Exercise data:
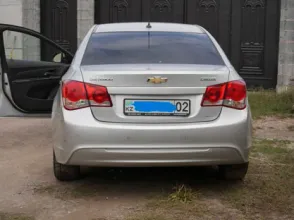 фото Chevrolet Cruze 2015 года с пробегом за 4200000 тенге в undefined - фото 3
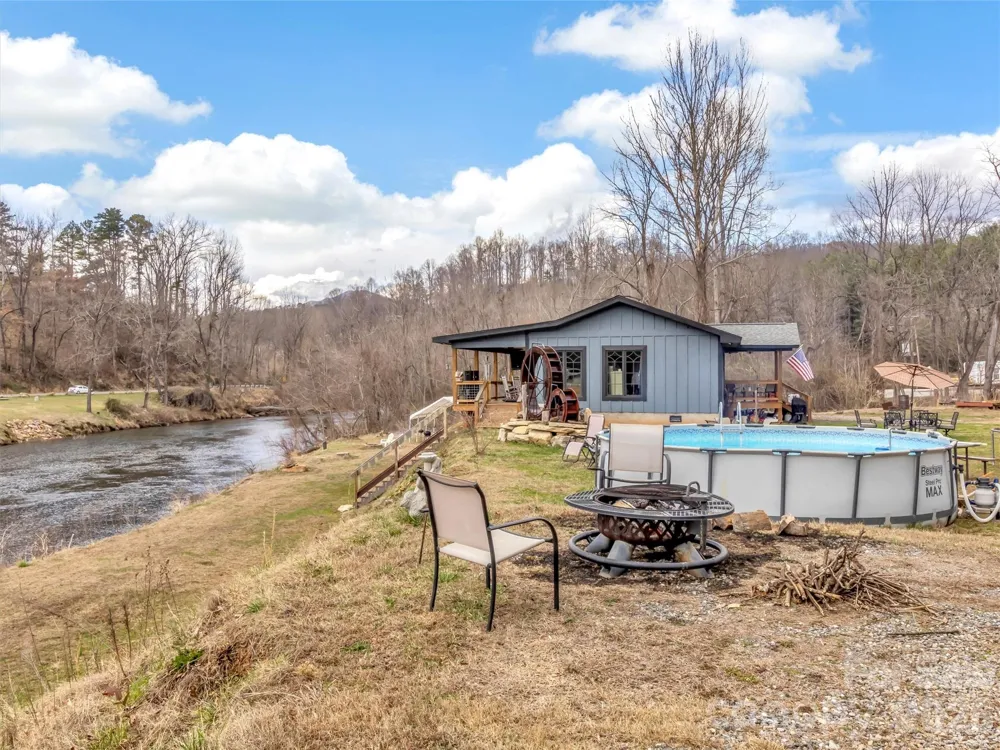522 River Road Sylva, NC 28779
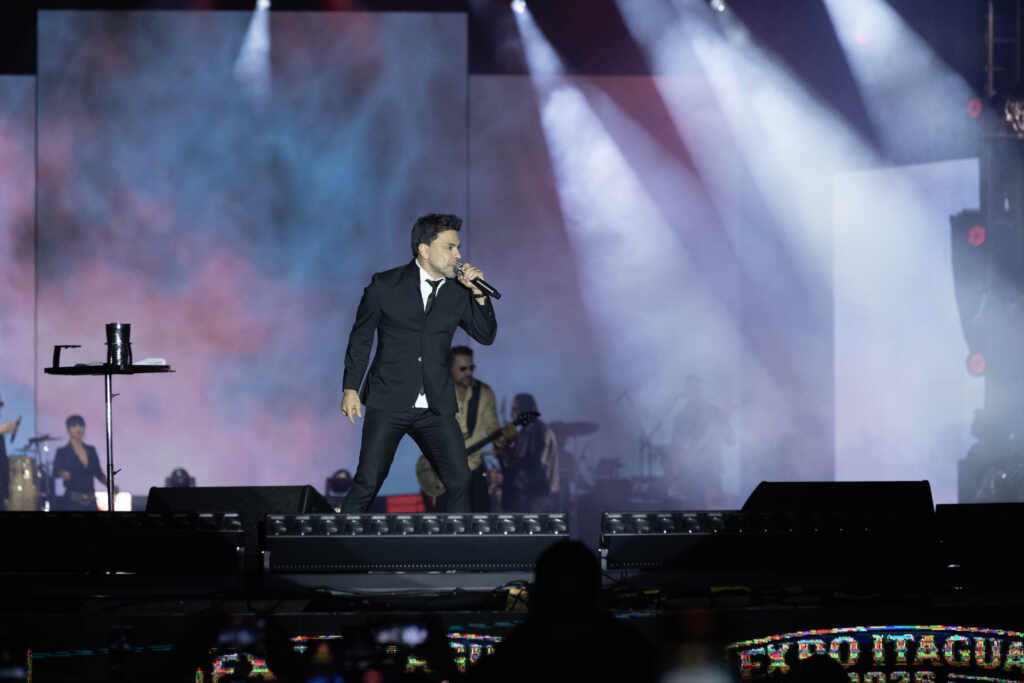 Zezé Di Camargo arrasta multidões em três shows e reúne mais de 100 mil pessoas em Curvelo (MG) IMG 2923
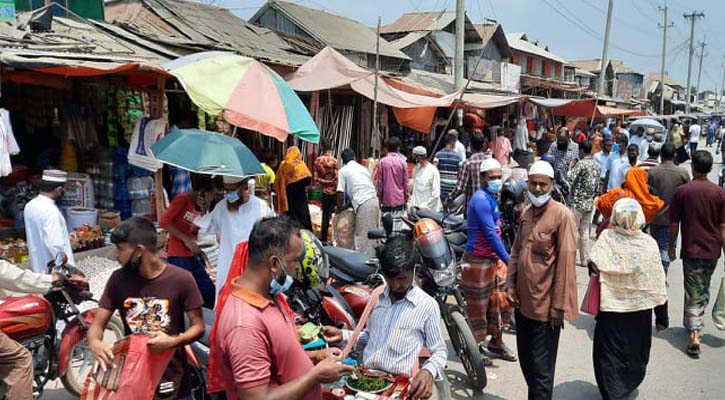 লকডাউনে সব স্বাভাবিক : বসেছে সাপ্তাহিক হাট 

Assignment: Once the line with "Zezé Di Camargo" is found, write out that line and every later line of the listing above exactly, through the last one, and skip any pictures.

Exercise solution:
 Zezé Di Camargo arrasta multidões em três shows e reúne mais de 100 mil pessoas em Curvelo (MG) IMG 2923
 লকডাউনে সব স্বাভাবিক : বসেছে সাপ্তাহিক হাট 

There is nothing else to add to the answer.